[Dataset entries]
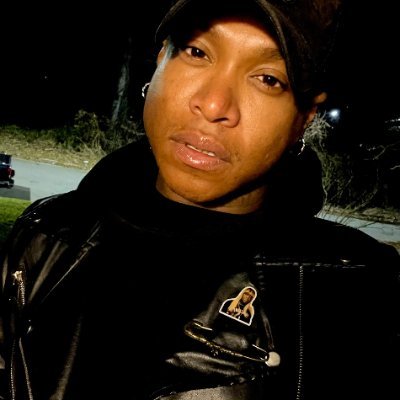 DivoliSvere's profile picture. International Creative/Artist/Producer/Vocalist & DJ Bookings & Commissions : sveremusic@gmail.com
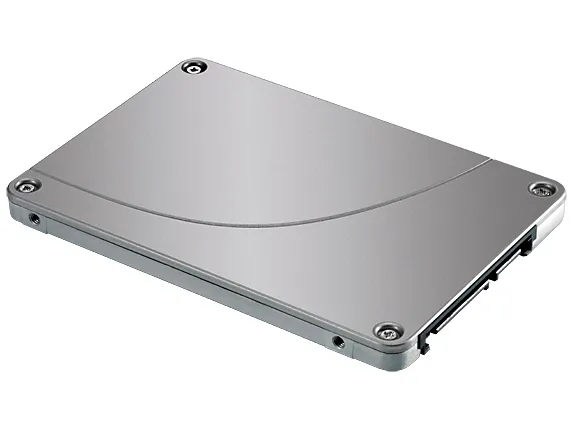 Intel S4500 240GB Enterprise Entry SATA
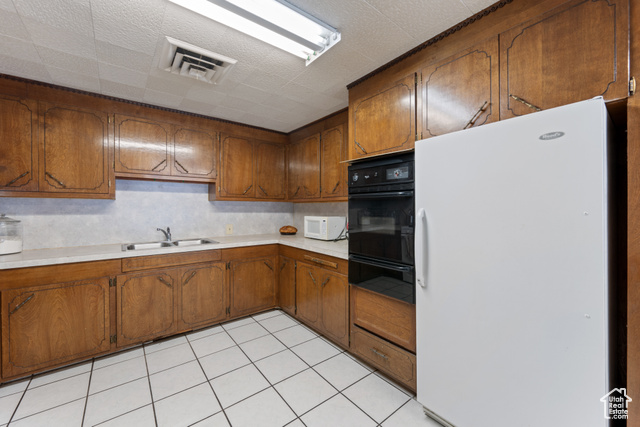 Photo 10 for MLS #2099272 at 237 S 100 West
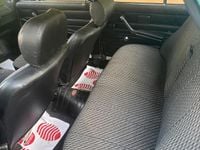 Second-hand Lada 2106 71 CP (52 kW) 2001 Albastru Berlinǎ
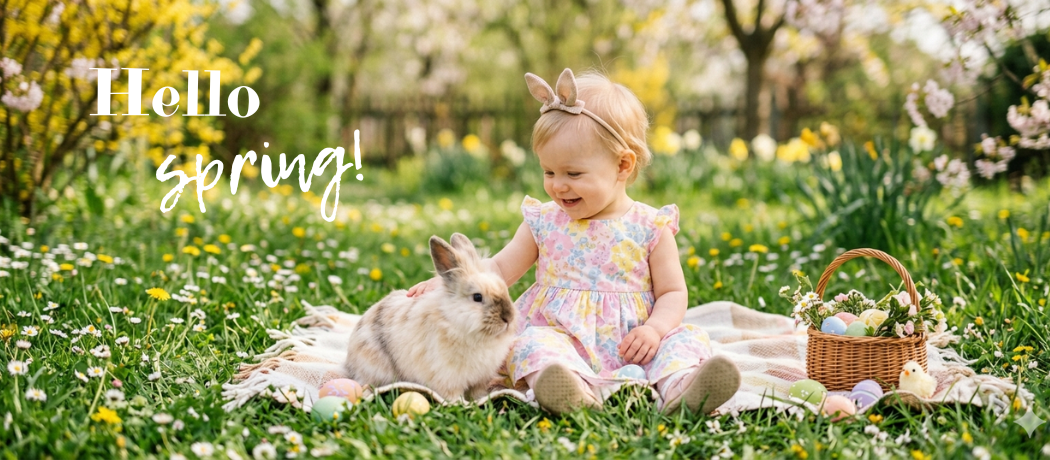 POKAI Gyermeklakberendezési kiegészítők webáruháza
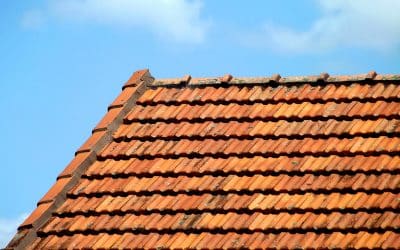 How Often Should I Have My Tile Roof Inspected?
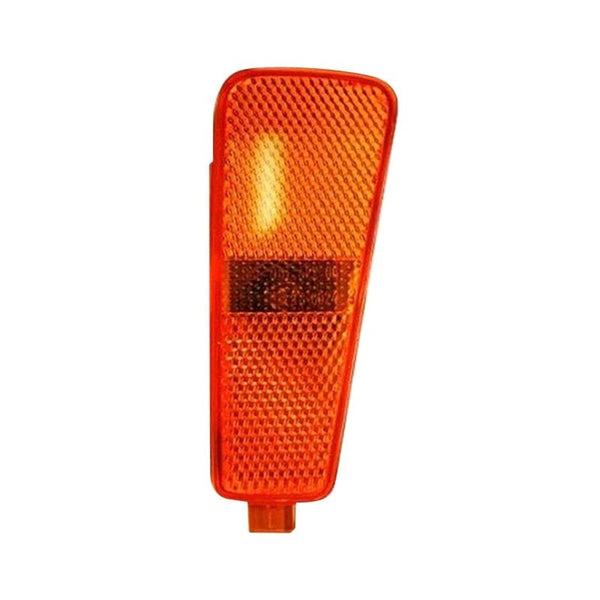 Lights & Components image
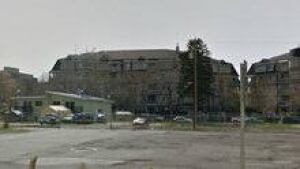 hi-erlton-3col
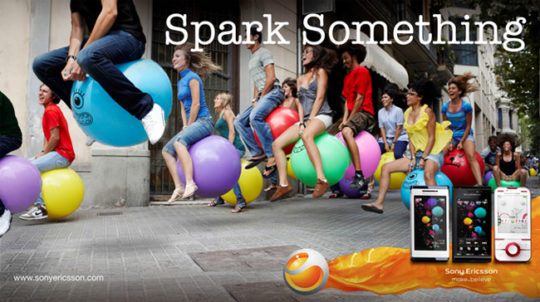 spark_something-sony-ericsson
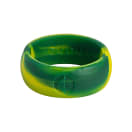 Cudu Classic Silicone Ring, product, thumbnail for image variation 1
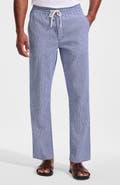 Lands' End Classic Fit Coastal Corduroy Deck Pant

• Problem statement
Reproduce exactly, with every picture left out, the lines from the one that contains "Photo 10 for MLS #2099272 at 237 S 100 West" to the final line of the records above.

• Written reply
 Photo 10 for MLS #2099272 at 237 S 100 West
 Second-hand Lada 2106 71 CP (52 kW) 2001 Albastru Berlinǎ
 POKAI Gyermeklakberendezési kiegészítők webáruháza
 How Often Should I Have My Tile Roof Inspected?
 Lights & Components image
 hi-erlton-3col
 spark_something-sony-ericsson
 Cudu Classic Silicone Ring, product, thumbnail for image variation 1
 Lands' End Classic Fit Coastal Corduroy Deck Pant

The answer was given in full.